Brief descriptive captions
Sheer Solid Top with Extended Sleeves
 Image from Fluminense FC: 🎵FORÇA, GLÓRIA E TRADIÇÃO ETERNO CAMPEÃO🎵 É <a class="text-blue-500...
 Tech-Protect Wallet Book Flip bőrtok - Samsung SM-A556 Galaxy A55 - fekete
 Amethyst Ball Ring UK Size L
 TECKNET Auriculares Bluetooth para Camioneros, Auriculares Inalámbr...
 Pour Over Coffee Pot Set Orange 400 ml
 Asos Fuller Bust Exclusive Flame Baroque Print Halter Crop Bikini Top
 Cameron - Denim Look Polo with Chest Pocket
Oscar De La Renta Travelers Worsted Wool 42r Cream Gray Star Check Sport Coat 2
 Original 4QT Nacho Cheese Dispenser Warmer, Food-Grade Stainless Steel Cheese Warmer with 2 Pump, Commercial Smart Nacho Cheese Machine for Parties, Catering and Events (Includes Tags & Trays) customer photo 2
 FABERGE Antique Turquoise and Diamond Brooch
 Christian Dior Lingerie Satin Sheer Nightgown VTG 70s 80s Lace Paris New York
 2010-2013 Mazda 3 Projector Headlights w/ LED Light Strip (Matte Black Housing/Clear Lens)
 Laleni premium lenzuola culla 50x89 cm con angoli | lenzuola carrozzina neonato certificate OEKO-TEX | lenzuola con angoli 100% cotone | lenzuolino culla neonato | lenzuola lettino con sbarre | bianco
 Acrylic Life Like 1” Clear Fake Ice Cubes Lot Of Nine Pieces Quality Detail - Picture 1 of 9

■ **Problem details**
Search the data for "Sheer". Copy every matching line.

■ **Response to this task**
Sheer Solid Top with Extended Sleeves
 Christian Dior Lingerie Satin Sheer Nightgown VTG 70s 80s Lace Paris New York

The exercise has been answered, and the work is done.